VETERANS of the Arctic convoys in the Second World War were belatedly awarded medals for their service at a ceremony on Sunday.
Ex-Able Seamen Patrick Bushby and Edward Johnson were presented with the Arctic Star by East Worthing and Shoreham MP Tim Loughton and Harry Goring, Vice-Lord Lieutenant of West Sussex, at Worthing Town Hall. Elsie Pidd, daughter of Petty Officer GI Percival Alexander Scott, and Tony Gray, son of Able Seaman James Gray, collected medals on behalf of their fathers.
The Arctic convoys saw ships sail from the United Kingdom, Iceland, and North America to northern ports in the Soviet Union – primarily Arkhangelsk (Archangel) and Murmansk, to deliver vital supplies.
Mr Loughton said: “Winston Churchill described the Arctic convoys as the worst journey in the world.
“Three thousand gave their lives in this operation.
“There was the triple whammy of German U-boats, German Luftwaffe bombers and German crafts.
“If you combine that with the freezing water, you get an idea of how terrifying it was.”
Speaking after the presentation, Mr Bushby, 89, of Exmoor Crescent, Durrington, said: “It’s been lovely. To think I’ve got it after all these years. It was very hard. It was so cold.
“If you happened to touch a gun with your bare hands it would stick on it.
“We had to de-ice the ship every morning.”
Elsie, 67, of Bramble Crescent, Durrington, described this Remembrance Sunday as a ‘fantastic day’ and said she felt ‘very very proud’.

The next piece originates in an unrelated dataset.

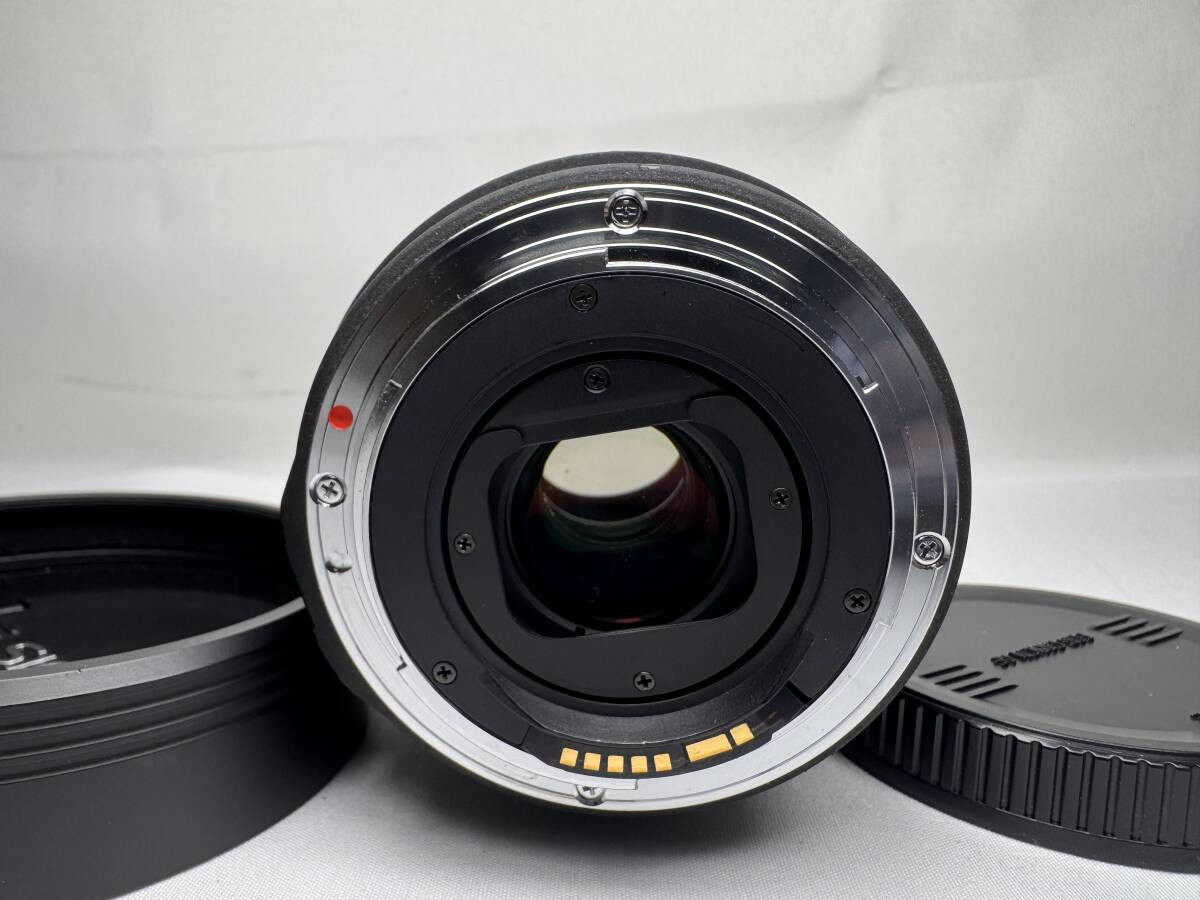 Lens góc rộng Canon SIGMA EX 15−30mm ASPHERICAL- Phong cảnh canon 98% - Ống kính Canon EF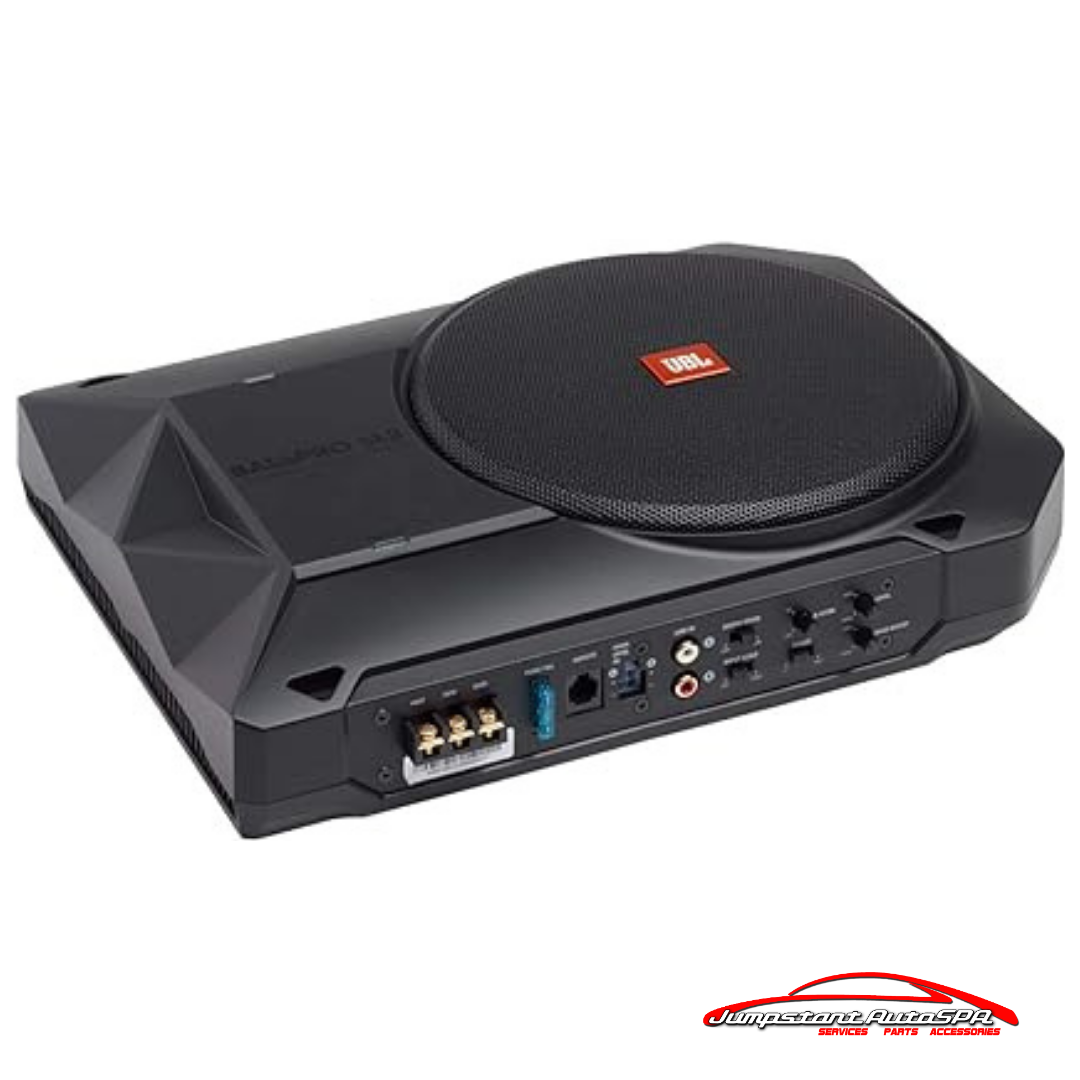 JBL Basspro SL2 Underseat Subwoofer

John Carne, 64, of Sea Lane, Goring, stumbled across the ceremony by accident, before realising his father, Charles Philip Carne, was also eligible for a medal, which he will receive.
Mr Carne said: “I was very proud of him.
“I knew nothing about this until today.
“I walked in to see my old friends, found out what it was about.
“I couldn’t just let it go by and say nothing because my dad was there with them.”